À une Demoiselle infortunée.
Après dix ans passés, enfin je vous revois ;
Après dix ans! c’est vous ; au bal, comme autrefois ;
Oh! venez et dansons ; vous êtes belle encore ;
Un riche et blanc soleil suit la vermeille aurore,
Et la rose inclinée, ouvrant aux yeux sa fleur,
Mêle un parfum suave à sa molle pâleur.
Laissez-là cet air froid ; osez me reconnaître ;
Souriez comme aux jours où, sous votre fenêtre,
Écolier de douze ans, je ne sais quel espoir
Toujours me ramenait, rougissant de vous voir.
Levez ces yeux baissés et ces paupières blondes ;
Donnez la main, donnez, et tous deux dans les rondes,
Parmi les pas, les chants, les rires babillards,
Devisons d’autrefois comme font les vieillards.

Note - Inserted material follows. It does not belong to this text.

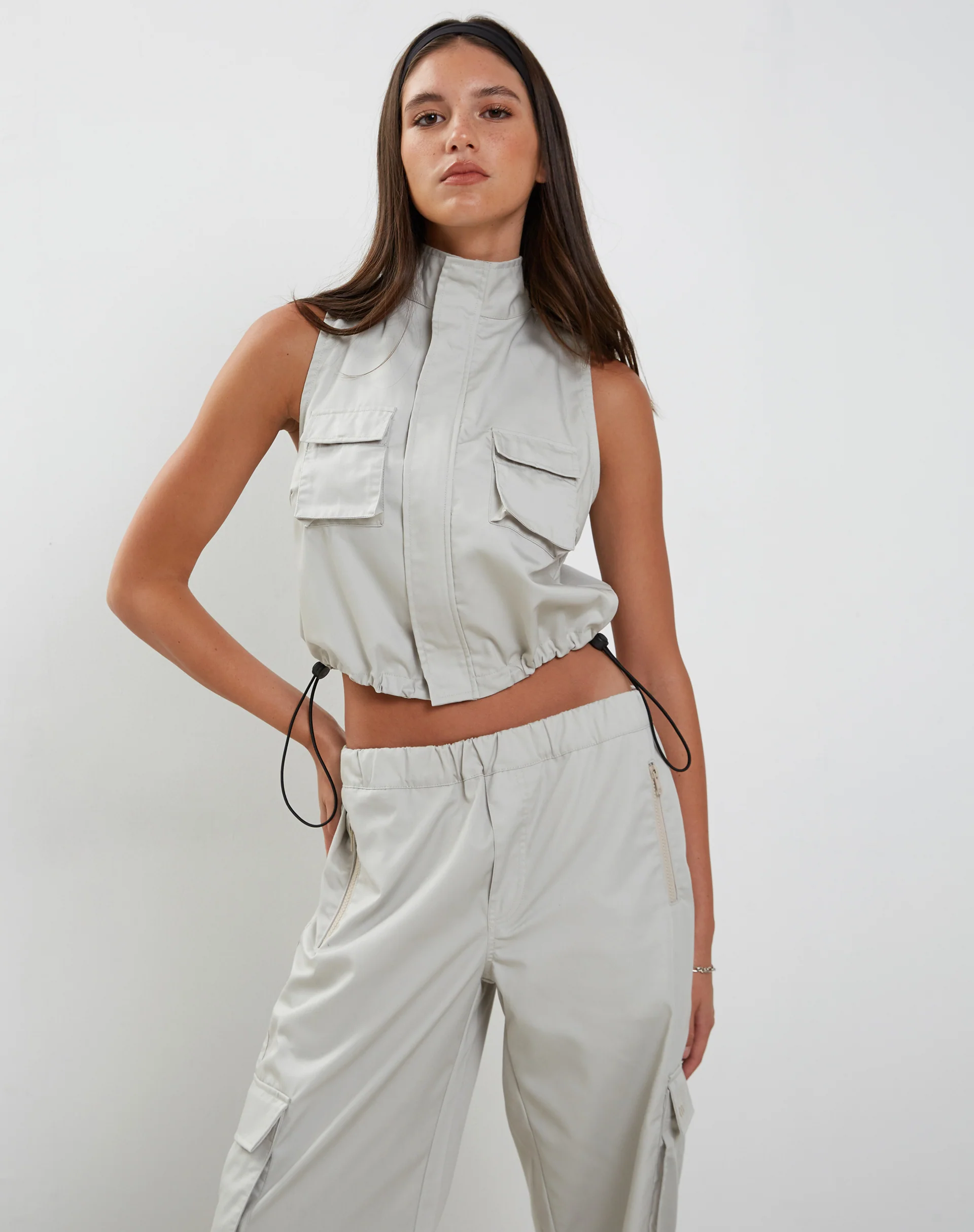 Pae Utility Vest in Pearl Grey - Awmao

Dix ans, oh! n’est-ce pas? c’est bien long dans la vie,
Et c’est aussi bien court ; les faux biens qu’on envie,
Tant de maux qu’on ignore, et les rêves déçus,
Doux essaims envolés aussitôt qu’aperçus ;
Des êtres adorés que la tombe dévore ;
Baiser deux yeux mourants et de ses mains les clore ;
Dans un âpre sentier marcher sans avenir,
Monter, toujours monter, et ne voir rien venir ;
Aimer sans espérance, ou brûler et se fondre
À se sentir aimer, et ne pouvoir répondre ;
Souvent un pain amer, souvent la Pauvreté,
Au milieu d’un banquet où l’on n’est qu’invité,
Près de nous dans l’éclat s’asseyant comme une ombre ;
Tout cela, mille fois, et des larmes sans nombre,
Voilà ce que dix ans amènent en leur cours ;
Puis, quand ils sont passés, dix ans, ce sont dix jours.

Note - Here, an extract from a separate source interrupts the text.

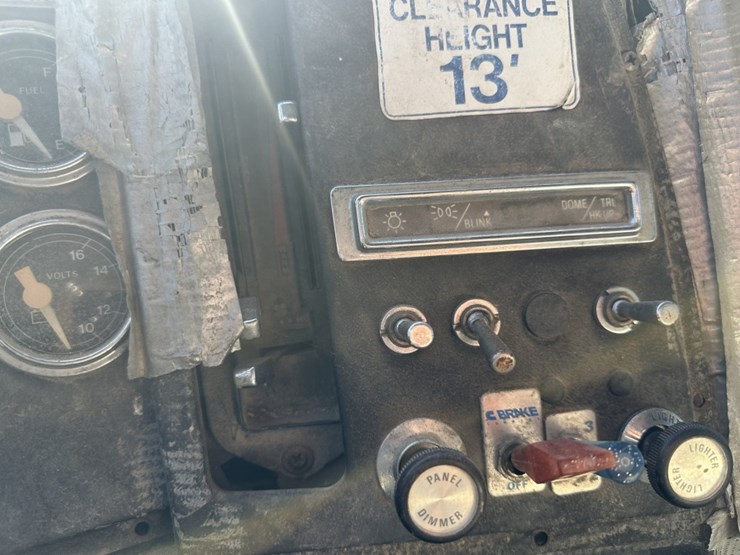 1990-ford-l9000-image-40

Parlez, n’est-ce pas vrai? depuis ces dix années,
Vos doigts frais ont cueilli bien des roses fanées ;
Bien des pleurs ont noyé votre sein amolli,
Et sous plus d’un éclair ce beau front a pâli.
Oui, vous avez connu la lutte avec les choses ;
L’arbre a blanchi le sol de fleurs à peine écloses,
Et la source, au sortir du rocher paternel,
A gémi bien longtemps sans réfléchir le ciel.
Je sais tout, j’ai tout lu dans votre œil doux et tendre
J’ai tant souffert aussi que je dois vous comprendre.
Et pourtant, ces longs jours perdus pour le bonheur,
Ces épis arrachés aux mains du moissonneur,
Ce printemps nuageux, ce matin sans aurore,
Ces fruits morts dans la fleur qui les recèle encore,
Cette jeunesse enfin sans joie et sans amours,
Hélas! ce sont pour nous les plus beaux de nos jours.
Car au moins, sur les bords du sentier qu’on se fraie,
Tous les blés ne sont pas dévorés par l’ivraie ;
Un bluet, un pavot, mariant leurs couleurs,
Ont reposé notre œil et distrait nos douleurs ;
Des vents jaloux parfois a sommeillé la rage,
Et le soleil de loin a joué dans l’orage.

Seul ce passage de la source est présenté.